Part Eight: Lesbians, Lindsay & Leather

July 7, 1982

It’s the costumer Dan Moore’s birthday party thrown by the crew.  He’s a smart, thoroughly Irish guy, so I buy him some Irish whiskey. He got  a graduate degree in literature and did his thesis on Joyce!  The people who stumble into the movie business!  Also I keep pressing him if one day he could let me have one of the doubles for the hat Ganz wore in one shot, a brown felt hat I’m crazy about.

July 8, 1982

Dan Moore got his bottle of whiskey from me but he barely he had time to notice, because his crew mates doused him with meringue pie.

He retreated to one of the trailers to recuperate.

July 9, 1982

Celebrations at the studio continue:

Ric Waite’s birthday- The camera crew with Baird in command, gets him a chocolate cake.  Sculpted onto the cake, is a cinematographersetting up a shot in the jail.  Rick’s backlit shot of Nick and Eddie quarreling in the prison, was superb, his finest hour yet, three days ago.

Printed on the cake a statement attributed to Ric.

“Does it have to be this hard?  Yeah, so it can be this much fun?”

Denise Crosby (Bing’s granddaughter) and Margot Rose (a woman I briefly nearly dated more than two years ago) play the two girls Eddie and Nick question looking for Billy (Sonny.)  We refer to them as the two dykes.

Walter invents a bit for Denise to do with a baseball bat, hitting Eddy, that improves the scene.

When we get to the hit, Eddie is comically fearful.

“I’m not gonna hit you” Denise promises urgently.  “I’m not worried about you, it’s your arms holding the bat that worries me” Eddy moans.

Eddie for the fourth day in a row is quite good, about a thousand percent improved on the early scenes in San Francisco that worried the studio.  The proverbial chemistry between Nick and Eddie together in scenes has taken a mysterious quantum leap.  Basically they’ve gotten to like and trust each other in “real life” and it affects their scenes.  I don’t know who wouldn’t become a better actor opposite Nolte, and Eddie said the same thing.   He shook his head a couple of days ago and he said, “Nolte, man…he makes you act.”
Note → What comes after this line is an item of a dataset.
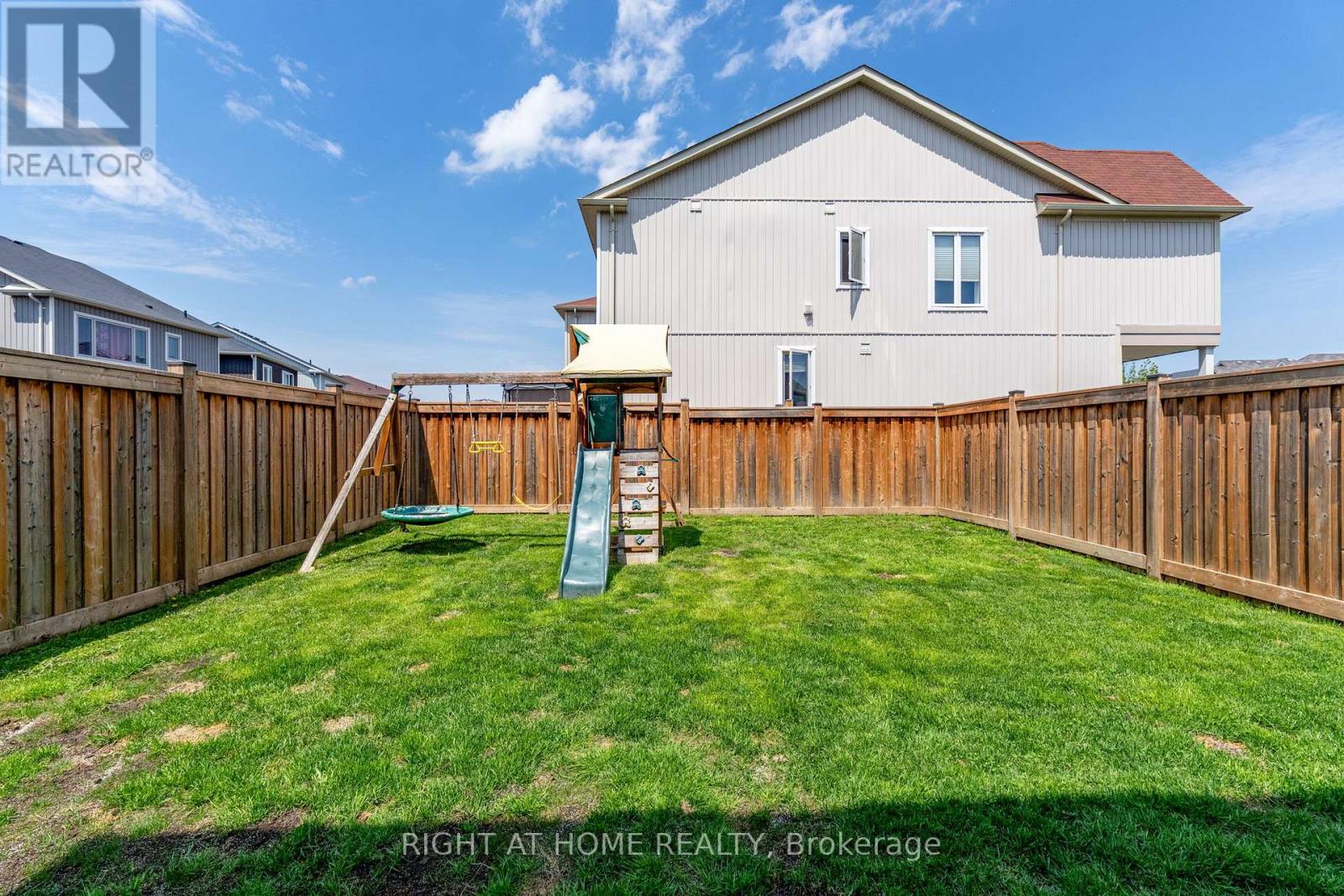 72 WAGNER CRESCENT - 44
But what exactly is the reason for the huge improvement?  There’s Nick, there’s Walter’s prodding, there’s the studio’s pressure… and there’s simply Eddie’s raw talent urging him forward.  You can see him get more into it moment by moment.  It reminds me that he’s a comedian and with comedians on stage, they sometimes hit a groove where they become confident of their rapport with the audience and suddenly the littlest thing they do works and is funny and extends their control of the audience.  Eddie’s at least glimpsed that groove, or else he’s hitting it.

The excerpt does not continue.